Advanced SQL Tips for Data Analysts
SQL remains one of the most important skills for data analysts. While basic SELECT statements will get you started, mastering advanced SQL techniques can dramatically improve your efficiency and the insights you can extract from your data.
1. Window Functions
Window functions perform calculations across a set of table rows related to the current row. They're incredibly powerful for analytics.
SELECT
department,
employee_name,
salary,
AVG(salary) OVER (PARTITION BY department) as dept_avg_salary,
salary - AVG(salary) OVER (PARTITION BY department) as diff_from_avg
FROM employees;
This query shows each employee's salary alongside their department's average salary and the difference between the two.

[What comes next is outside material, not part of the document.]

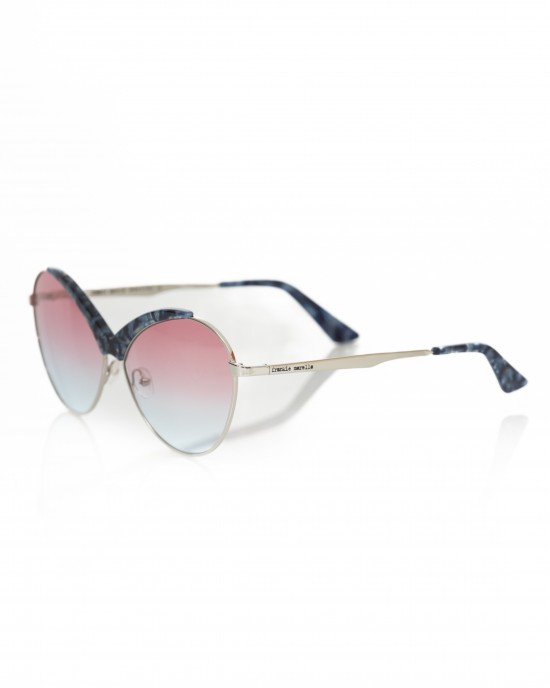 Sunglasses With A Butterfly Shape. Metal Frame With Blue Mother Of Pearl Central Profile. Pink And Light Blue Shaded Lens.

2. Common Table Expressions (CTEs)
CTEs make complex queries more readable by breaking them into named temporary result sets.
WITH monthly_sales AS (
SELECT
DATE_TRUNC('month', order_date) as month,
SUM(amount) as total_sales
FROM orders
GROUP BY DATE_TRUNC('month', order_date)
),
sales_growth AS (
SELECT
month,
total_sales,
LAG(total_sales) OVER (ORDER BY month) as prev_month_sales
FROM monthly_sales
)
SELECT
month,
total_sales,
prev_month_sales,
(total_sales - prev_month_sales) / prev_month_sales * 100 as growth_percentage
FROM sales_growth
WHERE prev_month_sales IS NOT NULL;
3. CASE Statements for Conditional Logic
CASE statements allow you to add conditional logic to your queries.
SELECT
product_name,
price,
CASE
WHEN price < 50 THEN 'Budget'
WHEN price BETWEEN 50 AND 100 THEN 'Mid-range'
ELSE 'Premium'
END as price_category
FROM products;
4. Efficient Joins
Understanding different join types and their performance implications is crucial:
- INNER JOIN: Returns only matching rows
- LEFT JOIN: Returns all rows from the left table and matching rows from the right
- RIGHT JOIN: Returns all rows from the right table and matching rows from the left
- FULL OUTER JOIN: Returns all rows when there's a match in either table
5. Subqueries vs. Joins
Sometimes a subquery is more readable or efficient than a join:
SELECT
department_name,
(SELECT COUNT(*) FROM employees e WHERE e.department_id = d.id) as employee_count
FROM departments d;
6. Analytical Functions
Functions like RANK(), DENSE_RANK(), and NTILE() are powerful for ranking and segmentation:
SELECT
product_name,
category,
price,
RANK() OVER (PARTITION BY category ORDER BY price DESC) as price_rank
FROM products;
7. Efficient Aggregations
GROUP BY with ROLLUP, CUBE, or GROUPING SETS allows for multiple levels of aggregation in a single query:
SELECT
COALESCE(region, 'All Regions') as region,
COALESCE(product_category, 'All Categories') as category,
SUM(sales) as total_sales
FROM sales
GROUP BY ROLLUP(region, product_category);
8. Date and Time Functions
Mastering date/time functions is essential for time-series analysis:
SELECT
DATE_TRUNC('week', order_date) as week,
COUNT(*) as orders,
SUM(amount) as revenue
FROM orders
WHERE order_date >= CURRENT_DATE - INTERVAL '90 days'
GROUP BY DATE_TRUNC('week', order_date)
ORDER BY week;
9. String Manipulation
Functions like SUBSTRING, CONCAT, REGEXP_REPLACE help with text data:
SELECT
email,
SUBSTRING(email FROM '@(.*)$') as domain,
COUNT(*) as count
FROM users
GROUP BY SUBSTRING(email FROM '@(.*)$')
ORDER BY count DESC;
10. Query Optimization
Understanding execution plans and indexing is crucial for performance:
- Use EXPLAIN to analyze query execution plans
- Filter early to reduce the working dataset
- Be cautious with functions in WHERE clauses as they can prevent index usage
- Consider materialized views for complex, frequently-run queries
Conclusion
Mastering these advanced SQL techniques will not only make you more efficient but also enable you to extract deeper insights from your data. The best way to improve is through practice—try implementing these techniques in your daily work and you'll quickly see the benefits.